§ **What is required**
Only the line containing "Heather Grey ryzen" and the lines after it, through the end of the entries, should be output exactly.

§ **Entries taken from a collection**
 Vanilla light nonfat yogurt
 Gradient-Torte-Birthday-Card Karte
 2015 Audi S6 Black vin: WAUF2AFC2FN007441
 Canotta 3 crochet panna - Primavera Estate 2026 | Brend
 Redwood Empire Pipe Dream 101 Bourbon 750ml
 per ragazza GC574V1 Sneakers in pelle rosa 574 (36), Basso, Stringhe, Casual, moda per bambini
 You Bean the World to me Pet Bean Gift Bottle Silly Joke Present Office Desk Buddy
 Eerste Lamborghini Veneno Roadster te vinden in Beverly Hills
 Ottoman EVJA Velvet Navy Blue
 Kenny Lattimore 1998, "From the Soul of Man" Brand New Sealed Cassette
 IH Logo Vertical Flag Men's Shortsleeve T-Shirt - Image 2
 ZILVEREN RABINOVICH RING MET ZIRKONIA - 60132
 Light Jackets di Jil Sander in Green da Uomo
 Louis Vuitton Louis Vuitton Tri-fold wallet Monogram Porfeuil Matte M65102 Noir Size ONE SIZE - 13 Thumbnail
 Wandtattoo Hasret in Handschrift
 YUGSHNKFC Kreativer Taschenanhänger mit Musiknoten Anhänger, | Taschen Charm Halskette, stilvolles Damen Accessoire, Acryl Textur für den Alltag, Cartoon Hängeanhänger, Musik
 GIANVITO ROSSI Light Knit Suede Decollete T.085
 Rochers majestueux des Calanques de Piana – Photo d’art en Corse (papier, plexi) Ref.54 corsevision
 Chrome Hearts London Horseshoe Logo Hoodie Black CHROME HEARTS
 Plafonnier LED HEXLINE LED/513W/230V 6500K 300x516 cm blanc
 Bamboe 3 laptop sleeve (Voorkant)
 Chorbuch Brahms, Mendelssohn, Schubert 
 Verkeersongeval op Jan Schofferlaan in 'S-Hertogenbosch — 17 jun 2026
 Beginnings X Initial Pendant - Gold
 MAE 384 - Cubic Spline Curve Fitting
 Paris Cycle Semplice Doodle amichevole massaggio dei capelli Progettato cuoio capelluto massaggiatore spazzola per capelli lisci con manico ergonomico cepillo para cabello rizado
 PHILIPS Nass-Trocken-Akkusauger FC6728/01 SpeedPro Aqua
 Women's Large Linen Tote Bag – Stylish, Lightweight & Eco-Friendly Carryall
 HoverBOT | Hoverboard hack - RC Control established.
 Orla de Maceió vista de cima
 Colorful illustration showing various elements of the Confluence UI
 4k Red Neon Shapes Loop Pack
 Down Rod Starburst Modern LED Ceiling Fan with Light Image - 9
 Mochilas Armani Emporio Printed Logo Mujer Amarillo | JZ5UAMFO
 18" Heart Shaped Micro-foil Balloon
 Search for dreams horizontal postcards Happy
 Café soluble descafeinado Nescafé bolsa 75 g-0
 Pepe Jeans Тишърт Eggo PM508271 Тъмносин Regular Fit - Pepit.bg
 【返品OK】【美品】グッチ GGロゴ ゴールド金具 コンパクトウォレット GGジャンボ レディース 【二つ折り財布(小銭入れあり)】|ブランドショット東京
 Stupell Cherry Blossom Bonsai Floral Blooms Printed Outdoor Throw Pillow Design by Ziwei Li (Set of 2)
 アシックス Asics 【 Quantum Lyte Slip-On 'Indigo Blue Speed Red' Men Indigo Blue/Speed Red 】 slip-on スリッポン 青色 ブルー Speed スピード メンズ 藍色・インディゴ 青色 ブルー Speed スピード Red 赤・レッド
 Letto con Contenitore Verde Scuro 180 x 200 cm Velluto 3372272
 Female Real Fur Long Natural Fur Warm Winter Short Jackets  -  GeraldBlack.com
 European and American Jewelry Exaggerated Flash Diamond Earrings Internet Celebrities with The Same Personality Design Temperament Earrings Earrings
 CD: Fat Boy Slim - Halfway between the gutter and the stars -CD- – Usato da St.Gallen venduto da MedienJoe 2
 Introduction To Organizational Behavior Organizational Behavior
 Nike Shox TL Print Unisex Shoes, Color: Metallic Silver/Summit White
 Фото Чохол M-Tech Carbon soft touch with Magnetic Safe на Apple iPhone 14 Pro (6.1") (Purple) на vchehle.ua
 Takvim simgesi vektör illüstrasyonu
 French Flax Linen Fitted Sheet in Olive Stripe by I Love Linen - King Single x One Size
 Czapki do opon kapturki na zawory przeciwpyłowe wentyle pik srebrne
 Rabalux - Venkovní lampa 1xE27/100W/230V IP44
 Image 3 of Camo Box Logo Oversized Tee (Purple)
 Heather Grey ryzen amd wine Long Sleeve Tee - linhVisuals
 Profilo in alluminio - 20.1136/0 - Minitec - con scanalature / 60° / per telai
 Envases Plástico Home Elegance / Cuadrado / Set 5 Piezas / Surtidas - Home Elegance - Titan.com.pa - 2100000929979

§ **Answer to the exercise**
 Heather Grey ryzen amd wine Long Sleeve Tee - linhVisuals
 Profilo in alluminio - 20.1136/0 - Minitec - con scanalature / 60° / per telai
 Envases Plástico Home Elegance / Cuadrado / Set 5 Piezas / Surtidas - Home Elegance - Titan.com.pa - 2100000929979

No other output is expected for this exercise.